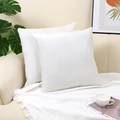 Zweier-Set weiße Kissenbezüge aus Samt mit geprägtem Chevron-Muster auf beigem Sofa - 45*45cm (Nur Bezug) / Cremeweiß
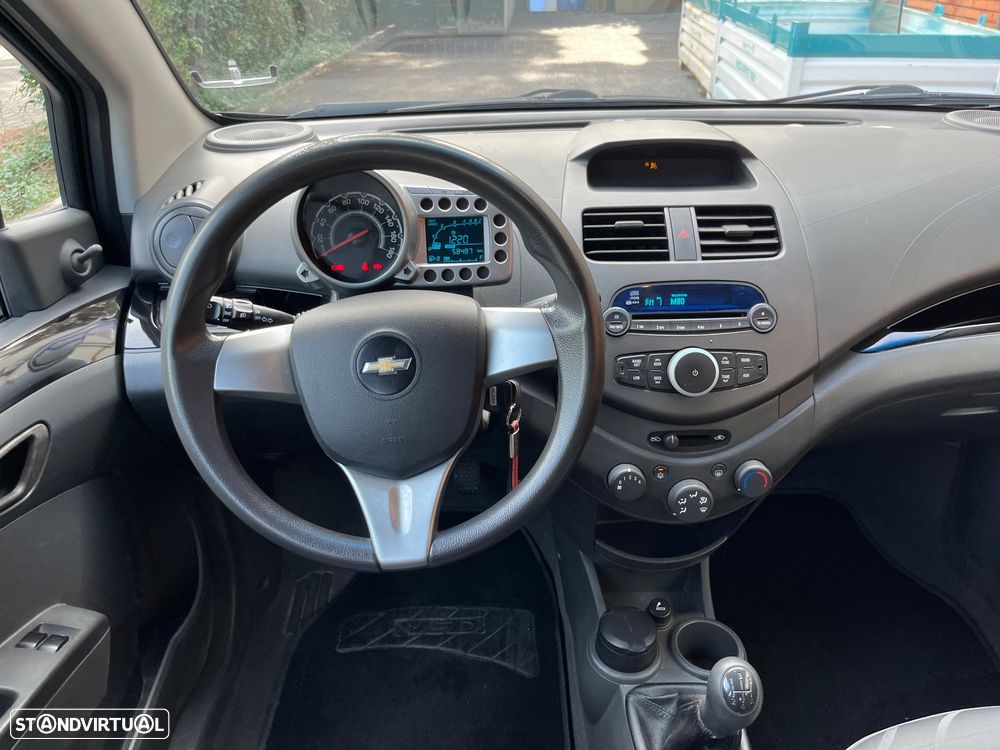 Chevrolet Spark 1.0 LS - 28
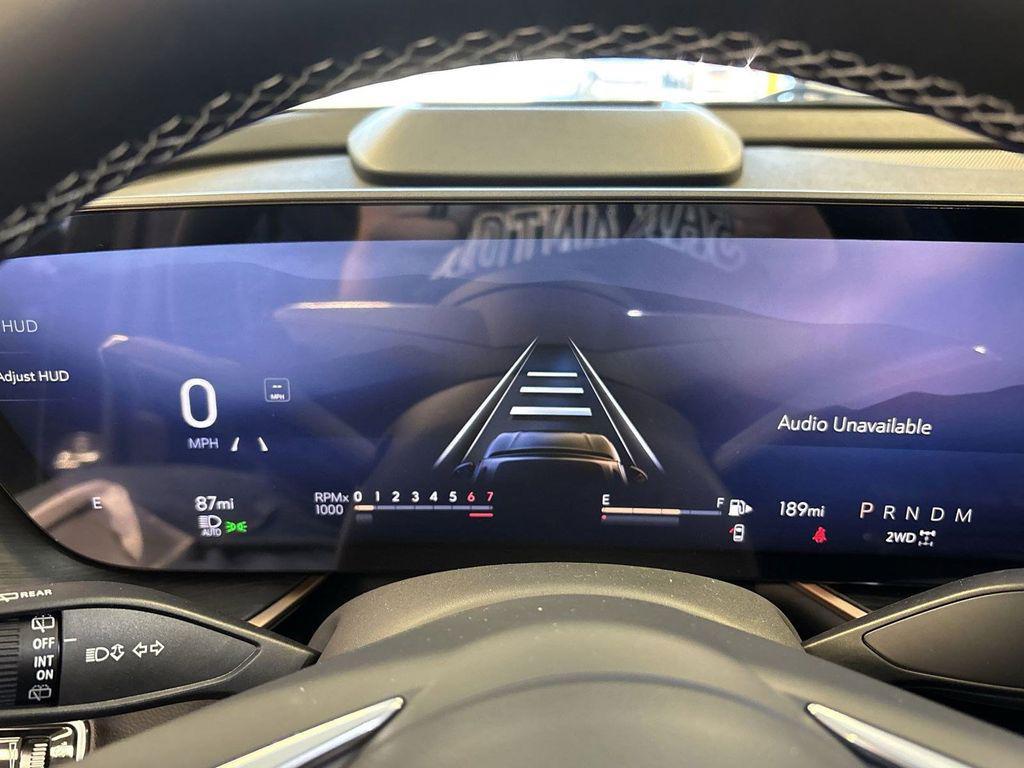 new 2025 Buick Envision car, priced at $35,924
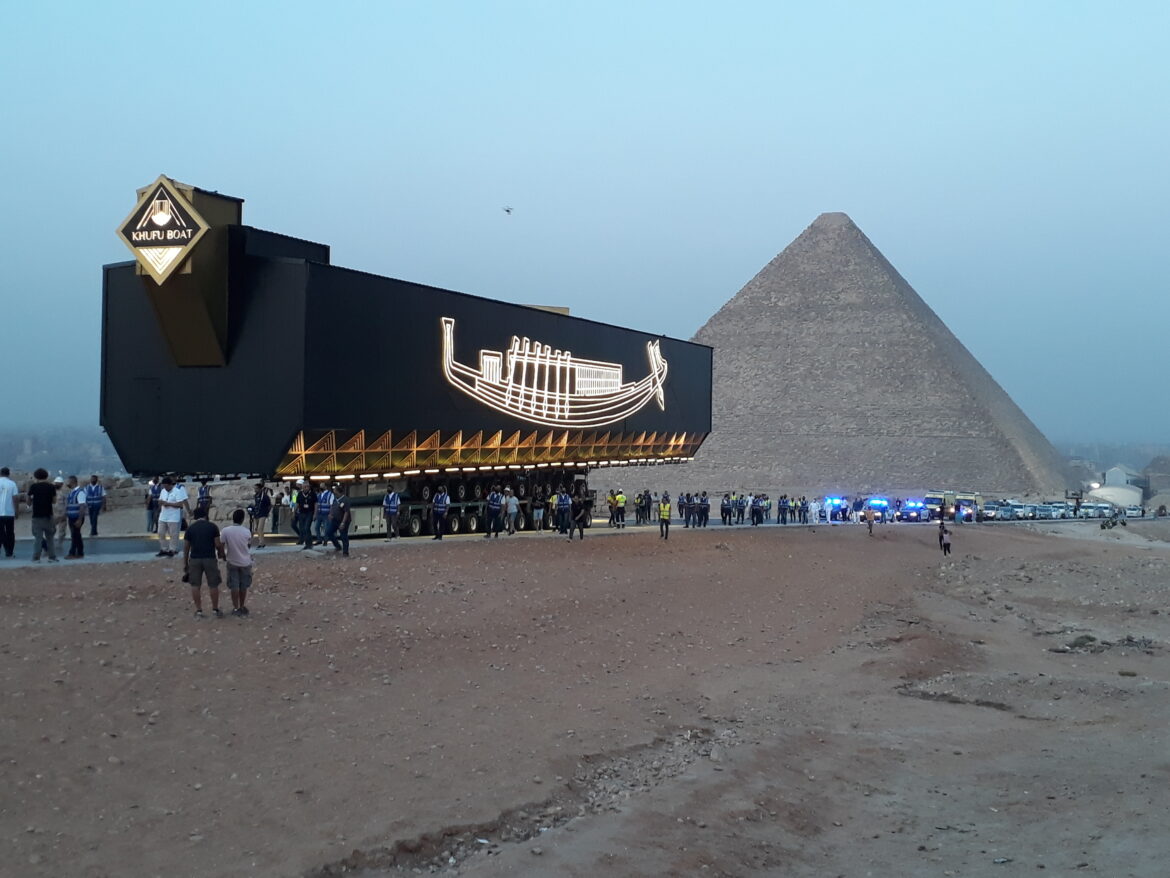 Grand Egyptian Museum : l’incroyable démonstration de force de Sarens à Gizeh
#####
Reproduce the preceding material exactly, skipping pictures.

**Solution**
 Zweier-Set weiße Kissenbezüge aus Samt mit geprägtem Chevron-Muster auf beigem Sofa - 45*45cm (Nur Bezug) / Cremeweiß
 Chevrolet Spark 1.0 LS - 28
 new 2025 Buick Envision car, priced at $35,924
 Grand Egyptian Museum : l’incroyable démonstration de force de Sarens à Gizeh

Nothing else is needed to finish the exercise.